Additionally, the researchers discovered that mammals were able to operate this same mechanism. Eric Hsu, a graduate student at Johns Hopkins and co-lead author on the paper, discovered that astrocytes are similarly activated in mice both when they exhibit “giving up” behavior and when they are exposed to ketamine.  ,
Dwight Bergles, a senior author on the paper and a professor of neuroscience at Johns Hopkins, says that” this evidence of cross-species conservation increases the likelihood that comparable mechanisms exist in humans.”
Although how ketamine works on astrocytes and how that affects neuronal and astroglia physiology is still unknown, the team’s study demonstrates that it raises norepinephrine levels. However, the findings do suggest that astroglia might play a role in depression and could inform future research.
This might serve as a model for pieces of the mammalian brain, according to Ahrens, but we need to be cautious when taking these results too literally.  ,
About this news from neuropharmacology research
Author: Nanci Bompey
Source: HHMI
Contact: Nanci Bompey – HHMI
Image: The image is credited to Neuroscience News
Original Research: Open access.
” Ketamine induces plasticity in a norepinephrine-astroglial circuit to promote behavioral perseverance” by Alex Chen et al. Neuron
Abstract
Ketamine induces plasticity in a norepinephrine-astroglial circuit to promote behavioral perseverance
KEMA can cause long-lasting behavioral and mood changes.

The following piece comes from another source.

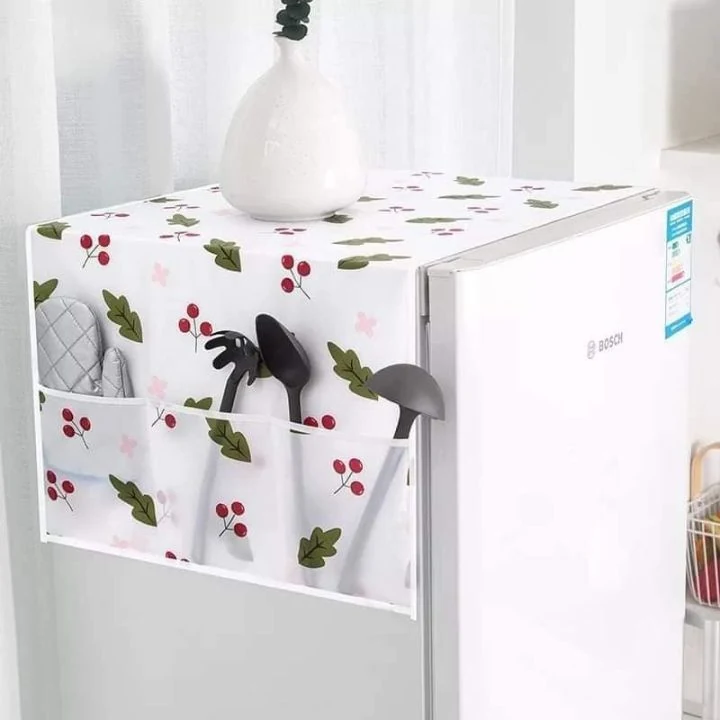 Dustproof Fridge Cover Multifunctional Waterproof Refrigerator Cover image 4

We found that brief ketamine exposure causes long-term suppression of futility-induced passivity in larval zebrafish, reversing the “giving-up” response that normally occurs when swimming fails to cause forward movement.
Whole-brain imaging revealed that ketamine hyperactivates the norepinephrine-astroglia circuit responsible for passivity. After ketamine washout, this circuit exhibits hyposensitivity to futility, leading to long-term increased perseverance.

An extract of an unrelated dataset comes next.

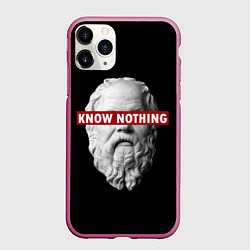 Чехол iPhone 11 Pro матовый Ничего Не Знаю, цвет: 3D-малиновый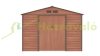 Garden house, steel tool house, wood effect small house 277x198x255 cm brown G21 GAH 706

Pharmacological, chemogenetic, and optogenetic manipulations show that norepinephrine and astrocytes are necessary and sufficient for ketamine’s long-term perseverance-enhancing aftereffects. In addition, in-vivo and in-vivo calcium imaging revealed that astrocytes in adult mouse cortex are similarly activated during futility in the tail suspension test and that acute ketamine exposure also leads to astrocyte hyperactivation.
The identification of novel approaches to treating affective disorders may be influenced by evidence that plasticity in this pathway can alter the behavioral response to futility and the conservation of ketamine’s modulation of noradrenergic-astroglial circuits across species.